En effet, comme le montre Marcel Gauchet dans sa comparaison entre fondamentalisme musulman et ce qu’il appelle à la suite de Gentile des « religions séculières » pour désigner les totalitarismes du XXe siècle, la révolution des mollahs constitue l’exemple premier de l’arrivée au pouvoir de l’islam politique, c’est-à-dire une tentative de « restauration de l’autorité expresse du religieux par des moyens politiques séculiers » . En s’adressant en réalité moins aux Iraniens qu’aux Occidentaux, Foucault se sert de la révolte en Iran comme marchepied pour défendre le mouvement fascisant inverse de création d’une nouvelle religion politique, à savoir « la construction d’un nouvel ordre séculier par des moyens religieux ».

L’islam politique et cet islamo-gauchisme ont donc partie liée. Le premier alimente le second en énergie, en représentations symboliques et en idées. Le second les acclimate dans nos sociétés occidentales largement sécularisées avec pour espoir d’y instaurer un nouvel hybride autoritaire.

Les succès récents de l’islam politique, à savoir la victoire des talibans en Afghanistan et plus encore la création de l’État islamique, sont à même à la fois de radicaliser les islamistes mais aussi le contenu de l’islamo-gauchisme, hybride autoritaire entre éléments progressistes et islamisme. L’idéologie de Daech, prônant la séparation totale avec les valeurs occidentales, le libéralisme et la démocratie, la destruction des nations au profit d’une oumma homogène, l’esprit guerrier, la violence intérieure et extérieure et la soumission au calife, résonne curieusement avec les textes de Foucault sur l’Iran.

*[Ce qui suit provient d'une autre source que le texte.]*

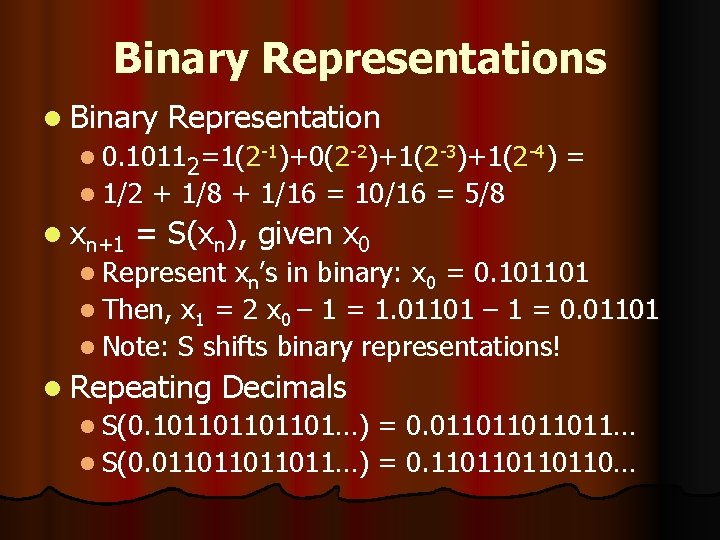 Binary Representations l Binary Representation l 0. 10112=1(2 -1)+0(2 -2)+1(2 -3)+1(2 -4) = l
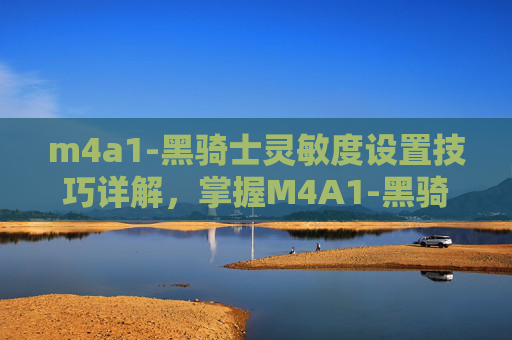 m4a1-黑骑士灵敏度设置技巧详解，掌握M4A1-黑骑士，终极武器使用攻略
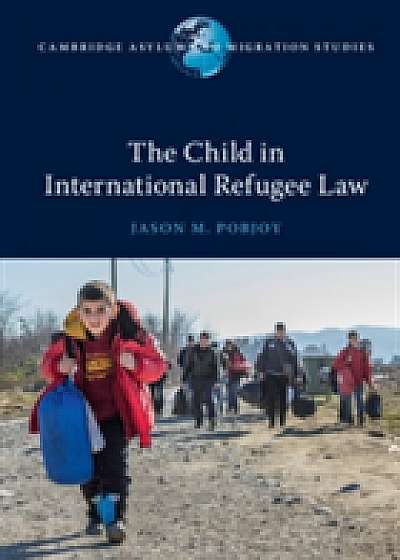 Coperta cărții The Child in International Refugee Law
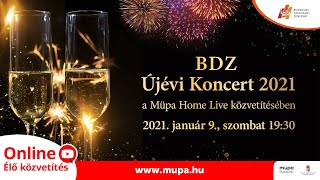 BDZ Újévi Koncert 2021 – Müpa Home Live [upl. by Ydieh]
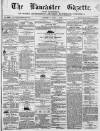 Lancaster Gazette Saturday 05 July 1862 Page 1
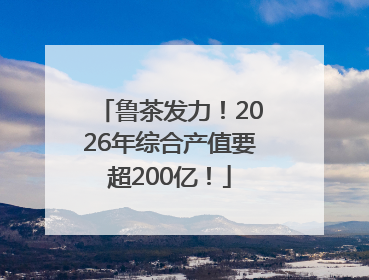 鲁茶发力！2026年综合产值要超200亿！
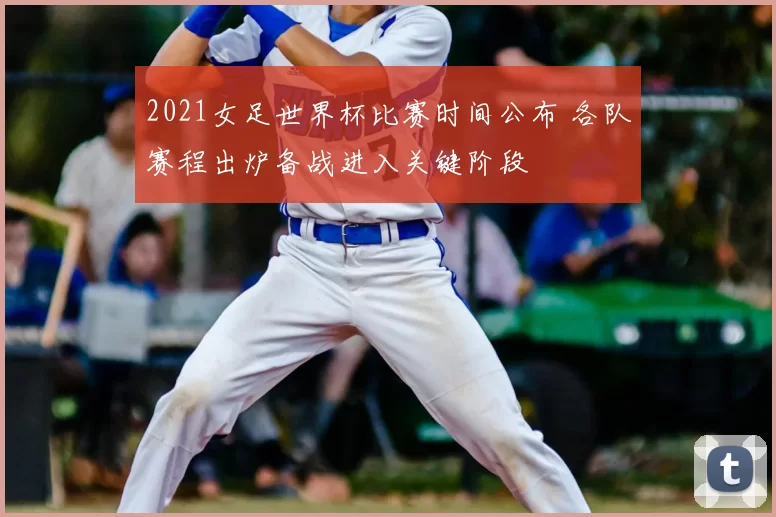 2021女足世界杯比赛时间公布 各队赛程出炉备战进入关键阶段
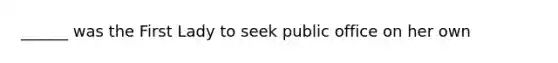 ______ was the First Lady to seek public office on her own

Empêcher la reprise du projet foucaldien et ses glissements néofascistes

Ces dernières observations peuvent nous servir d’amorce pour tirer quelques leçons politiques sur la posture à tenir vis-à-vis de l’islamo-gauchisme :

1. Il y a la façade de l’islamo-gauchisme, celle des militants de gauche à la Harman qui pensent le projet politique révolutionnaire ou progressiste encore suffisamment fort pour se permettre quelques concessions tactiques vis-à-vis de l’islam politique, dont ils sous-estiment, sans doute à dessein, la nature réelle et le danger. En France, on peut trouver ces militants au NPA, à LFI, à EELV et dans toute une partie de la gauche syndicale et associative.

2. Il y a une réalité plus inquiétante de l’islamo-gauchisme, celle qui reprend le projet foucaldien, que nous espérons avoir un peu explicité, de la construction révolutionnaire d’un nouvel ordre antidémocratique et antimatérialiste en se servant de l’énergie du religieux. On peut par exemple retrouver ce type d’aspirations dans la littérature du Parti des Indigènes de la République. Cela prêterait probablement moins à confusion d’abandonner le terme d’islamo-gauchisme pour ce type de groupe et d’idéologie pour parler de néofascisme, en fonction du niveau de congruence doctrinale avec les critères de Gentile.

3. Il y a plus qu’une continuité entre la façade de l’islamo-gauchisme et les groupes à l’idéologie authentiquement fasciste. Étant donné la faiblesse actuelle de la gauche et en particulier des tendances universalistes et matérialistes en son sein, les glissements idéologiques peuvent être très rapides. La grille de lecture proposée dans cet article doit permettre de clarifier la situation et de mettre en lumière les dérives en cours.

EXERGUES

À partir d’une déception similaire à l’égard des Lumières, de la Raison et de la Révolution, à partir d’une critique du libéralisme et du marxisme, Michel Foucault reprend le chemin emprunté par les non-conformistes des années 1930, celui qui mène au fascisme.

Ce qui fut défendu par Michel Foucault de 1978 à 1979, c’est une idéologie originale, qui constitue la matrice réelle de l’islamo-gauchisme.

Silencieux sur les conséquences les plus brutales de la dictature qui s’installe, fasciné par les potentialités les plus radicales de l’islam politique, notamment le culte du chef, Michel Foucault invente en réalité sa Révolution iranienne selon un mouvement qui lui fait retrouver les voies du fascisme européen.